Past Event: Center for Autonomy Seminar
Octavia Camps, Robust Systems Lab, Northeastern University
11 – 12PM
Thursday Mar 27, 2025
POB 6.304
A long-standing goal of Machine Learning is to enable machines to structure and interpret the world as humans do. This challenge is particularly complex in time-series data, such as video sequences, where seemingly different observations can arise from the same underlying dynamics. In this talk, I will explore how leveraging these inherent dynamics can lead to frugal and interpretable architectures for sequence analysis, classification, prediction, and manipulation.
I will illustrate these ideas with two key examples. First, I will introduce CVAR, a dynamics-based architecture for cross-view action recognition. By exploiting temporal coherence in sequential data, CVAR extracts dynamics-based features and invariant representations through an information-autoencoding unsupervised learning paradigm. This flexible framework accommodates various input modalities, including RGB and 3D skeleton data. Experimental results on four benchmark datasets demonstrate that CVAR not only outperforms state-of-the-art methods across all modalities but also significantly bridges the performance gap between RGB and 3D skeleton-based approaches.

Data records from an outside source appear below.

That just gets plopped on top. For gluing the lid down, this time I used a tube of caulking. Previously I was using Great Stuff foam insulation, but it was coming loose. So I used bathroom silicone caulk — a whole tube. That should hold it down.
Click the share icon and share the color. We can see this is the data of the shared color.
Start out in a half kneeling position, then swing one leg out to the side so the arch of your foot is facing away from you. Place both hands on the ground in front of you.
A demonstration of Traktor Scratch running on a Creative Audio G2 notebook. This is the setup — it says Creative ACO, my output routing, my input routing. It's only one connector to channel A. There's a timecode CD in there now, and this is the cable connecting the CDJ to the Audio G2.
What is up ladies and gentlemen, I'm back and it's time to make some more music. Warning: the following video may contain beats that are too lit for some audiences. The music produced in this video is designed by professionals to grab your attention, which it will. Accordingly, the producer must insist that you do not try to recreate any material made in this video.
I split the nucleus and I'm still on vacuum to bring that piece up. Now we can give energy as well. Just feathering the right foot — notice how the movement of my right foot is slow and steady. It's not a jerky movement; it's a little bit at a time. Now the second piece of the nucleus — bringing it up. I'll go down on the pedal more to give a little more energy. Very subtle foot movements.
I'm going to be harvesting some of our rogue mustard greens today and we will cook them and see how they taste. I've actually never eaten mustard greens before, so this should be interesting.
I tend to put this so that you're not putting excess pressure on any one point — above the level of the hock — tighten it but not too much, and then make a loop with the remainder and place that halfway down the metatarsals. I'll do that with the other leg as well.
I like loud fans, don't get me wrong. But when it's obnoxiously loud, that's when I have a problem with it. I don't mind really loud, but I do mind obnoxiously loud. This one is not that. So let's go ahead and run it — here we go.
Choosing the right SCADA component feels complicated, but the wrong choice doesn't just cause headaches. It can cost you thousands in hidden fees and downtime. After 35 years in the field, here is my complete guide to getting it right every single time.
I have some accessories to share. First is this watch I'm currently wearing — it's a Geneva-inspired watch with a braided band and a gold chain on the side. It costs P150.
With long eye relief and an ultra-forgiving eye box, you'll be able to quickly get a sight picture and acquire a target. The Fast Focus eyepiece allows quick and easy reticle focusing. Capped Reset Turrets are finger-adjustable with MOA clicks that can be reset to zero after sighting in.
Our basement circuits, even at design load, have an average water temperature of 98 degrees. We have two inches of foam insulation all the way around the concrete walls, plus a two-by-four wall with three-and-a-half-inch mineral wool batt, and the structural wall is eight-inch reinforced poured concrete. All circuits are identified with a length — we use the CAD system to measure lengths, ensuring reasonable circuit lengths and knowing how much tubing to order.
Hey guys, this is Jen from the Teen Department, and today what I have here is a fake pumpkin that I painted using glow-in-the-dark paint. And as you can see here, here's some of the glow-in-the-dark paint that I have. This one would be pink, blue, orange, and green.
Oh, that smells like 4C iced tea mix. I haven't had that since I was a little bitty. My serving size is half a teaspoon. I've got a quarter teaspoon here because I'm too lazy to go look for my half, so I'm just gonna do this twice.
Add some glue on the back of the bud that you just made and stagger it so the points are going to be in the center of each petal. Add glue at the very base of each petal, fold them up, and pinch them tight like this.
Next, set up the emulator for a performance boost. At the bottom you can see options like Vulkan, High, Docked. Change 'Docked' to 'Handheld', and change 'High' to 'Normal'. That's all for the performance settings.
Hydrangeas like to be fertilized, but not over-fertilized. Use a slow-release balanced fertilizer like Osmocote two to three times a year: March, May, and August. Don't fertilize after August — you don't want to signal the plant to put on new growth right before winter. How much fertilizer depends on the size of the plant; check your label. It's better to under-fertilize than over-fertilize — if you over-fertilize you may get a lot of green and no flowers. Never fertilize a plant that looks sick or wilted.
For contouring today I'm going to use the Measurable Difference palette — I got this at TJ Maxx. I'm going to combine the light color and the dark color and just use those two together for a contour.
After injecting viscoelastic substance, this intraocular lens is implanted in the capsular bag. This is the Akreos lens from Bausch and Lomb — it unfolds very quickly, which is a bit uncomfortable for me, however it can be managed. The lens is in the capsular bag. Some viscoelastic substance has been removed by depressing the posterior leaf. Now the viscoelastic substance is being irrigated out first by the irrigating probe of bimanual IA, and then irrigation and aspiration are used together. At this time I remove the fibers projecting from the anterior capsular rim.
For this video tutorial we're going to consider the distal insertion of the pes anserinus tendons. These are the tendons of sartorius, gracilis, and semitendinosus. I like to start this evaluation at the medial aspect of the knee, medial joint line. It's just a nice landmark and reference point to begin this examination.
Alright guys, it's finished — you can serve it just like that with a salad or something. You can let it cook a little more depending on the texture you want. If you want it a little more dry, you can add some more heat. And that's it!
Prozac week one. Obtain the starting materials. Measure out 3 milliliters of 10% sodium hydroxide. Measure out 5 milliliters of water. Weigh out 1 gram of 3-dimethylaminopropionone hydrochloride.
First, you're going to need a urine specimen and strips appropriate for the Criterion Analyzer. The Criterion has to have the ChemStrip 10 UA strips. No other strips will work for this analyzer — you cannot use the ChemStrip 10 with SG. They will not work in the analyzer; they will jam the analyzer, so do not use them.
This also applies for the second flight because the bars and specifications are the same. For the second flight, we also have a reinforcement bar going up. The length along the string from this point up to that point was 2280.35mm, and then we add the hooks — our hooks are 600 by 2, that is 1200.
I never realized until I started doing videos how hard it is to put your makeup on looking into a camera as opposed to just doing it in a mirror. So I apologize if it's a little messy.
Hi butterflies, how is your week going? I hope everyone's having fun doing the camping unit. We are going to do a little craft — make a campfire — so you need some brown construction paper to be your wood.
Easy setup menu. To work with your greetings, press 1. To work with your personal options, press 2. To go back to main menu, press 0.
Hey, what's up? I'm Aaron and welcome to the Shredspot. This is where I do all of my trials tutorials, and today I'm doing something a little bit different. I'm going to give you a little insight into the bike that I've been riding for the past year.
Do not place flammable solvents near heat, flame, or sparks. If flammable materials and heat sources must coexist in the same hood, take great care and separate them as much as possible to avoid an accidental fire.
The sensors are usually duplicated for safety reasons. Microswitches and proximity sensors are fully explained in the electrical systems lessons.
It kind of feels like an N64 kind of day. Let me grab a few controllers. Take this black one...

Next, I will present JPDVT, a framework designed to solve "Set to Sequence" problems— where unordered, incomplete sets must be assembled into meaningful sequences. By employing conditional diffusion denoising probabilistic models, JPDVT learns the probability distribution of all possible permutations in training data, enabling sequence reconstruction through distribution sampling. Our approach achieves state-of-the-art performance in both quantitative and qualitative evaluations, demonstrating its ability to handle missing data and solve larger, more complex image and video puzzles than previous methods.
These examples highlight the power of ordering-aware architectures in structured sequence learning and their broad applicability across domains.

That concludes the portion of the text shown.